Metro should also give bus operators suggested responses to questions about riding free rather than instructing them to remain silent or quote the fare, the panel said.
While Metro has installed protective shields on some buses, cameras on all buses, and deploys police officers to the most high-crime routes, the panel suggested Metro consider whether “additional resources are necessary to reduce bus operator assaults.”
“The Panel notes there is a gap between the expectations of bus/rail operations personnel and the actual number of police personnel available for deployment,” a summary of the findings said.
Metro hopes a public-relations campaign aimed at “humanizing” bus operators, de-escalation training and a renewed emphasis on the use of silent alarms on buses could help.
The panel suggested adding a personality test to the hiring process to better identify people with customer service and problem-solving abilities.

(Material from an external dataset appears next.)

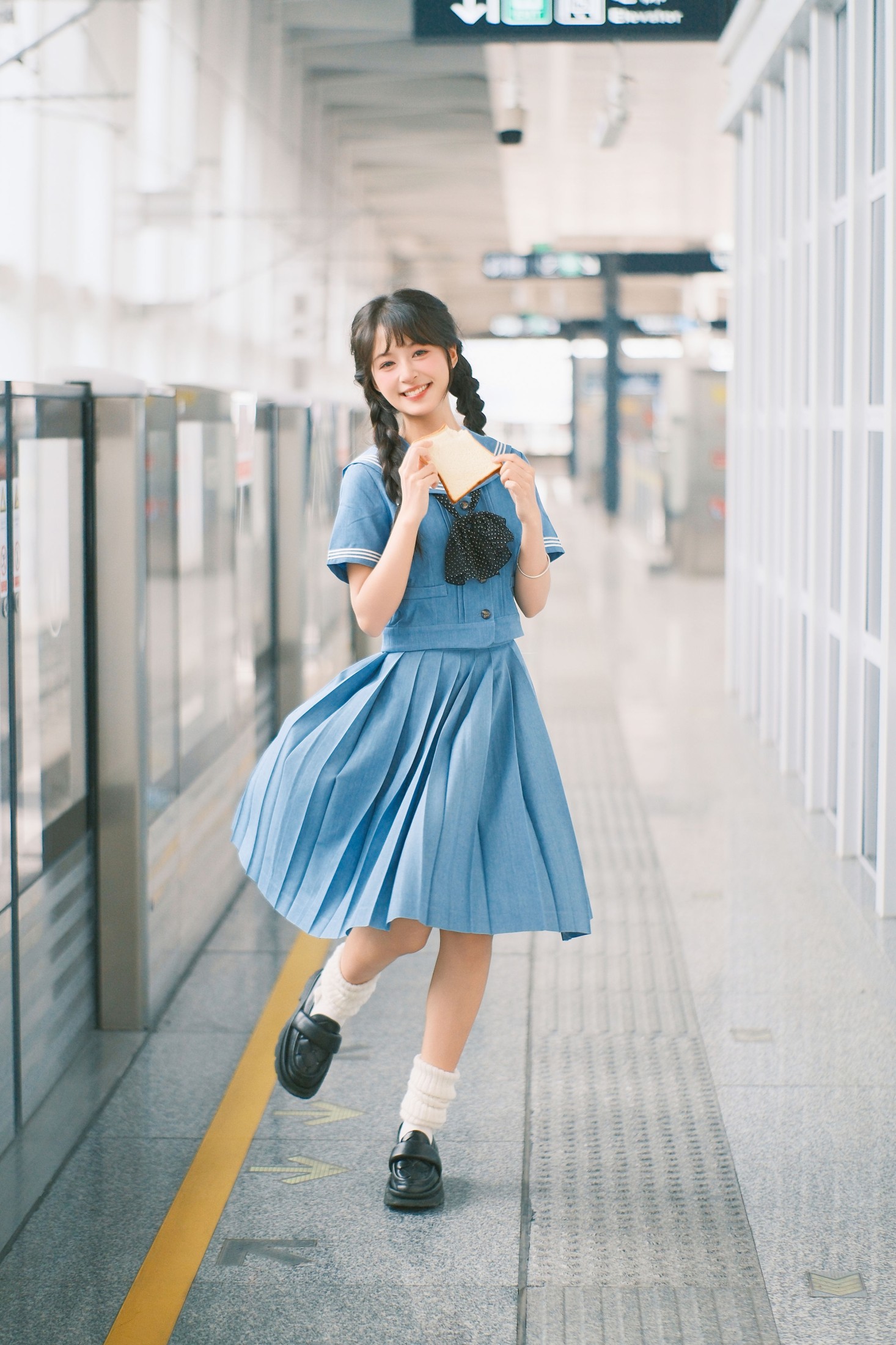图片[4] - 夏芋小年 - 《蓝色系jk》[19P] - 机器猫次元 - 机器猫次元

Metro has also called for the ability to ban people guilty of assaults from using the transit system.
Metro Transit Police must better account for the actual number of assaults by reviewing crime data after cases are closed, the review panel said, but assaults still rose at least 29 percent in 2017 — from 70 to 90 as of Dec. 9.
Kids Ride Free changes suggested
Metro is suggesting changes to give students preloaded SmarTrip cards each school year instead, and to remove the restrictions that limit use of the card to stations in D.C., Capitol Heights, Friendship Heights, Southern Avenue, Silver Spring and Naylor Road.

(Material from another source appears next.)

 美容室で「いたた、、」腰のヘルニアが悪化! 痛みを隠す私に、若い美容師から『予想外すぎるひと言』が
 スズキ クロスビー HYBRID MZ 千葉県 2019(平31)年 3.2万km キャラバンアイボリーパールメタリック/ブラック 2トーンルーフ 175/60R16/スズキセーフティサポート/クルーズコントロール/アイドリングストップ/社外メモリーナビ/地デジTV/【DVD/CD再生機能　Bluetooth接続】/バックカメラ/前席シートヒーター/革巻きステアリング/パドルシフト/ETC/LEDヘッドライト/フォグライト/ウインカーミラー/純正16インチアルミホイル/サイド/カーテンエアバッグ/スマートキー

The restrictions are a major reason students have ended up with negative balances attached to their cards for going even one stop farther.
Metro blocks anyone with a negative balance from using the system, even if the card also has a valid pass. As of this week, riders are no longer allowed to exit the system if it would leave their card with a negative balance.
An estimated 40 percent of D.C. public, charter and private school students still fail to tap in or out on Metrorail or buses for their free rides this school year — and that’s actually a dramatic improvement from the estimated 66 percent who failed to do so over the 2016-2017 school year, Metro said.
But ongoing problems with students having negative value on their cards — which now prevents them from using the system — or confusion among private school students about how to activate the pass on the DC One school ID card, now leads to “confusion, frustration and a lack of compliance, making it easier for students to rely on flashing the card or not using it at all instead of tapping it at the fare gates,” Metro Board documents said.
If students don’t tap their cards, Metro loses the ridership data that is important for federal funding. The official ridership numbers can also change regional funding formulas.
Metro is not proposing any changes to the per-student pricing of the program, which is paid for by the D.C. government.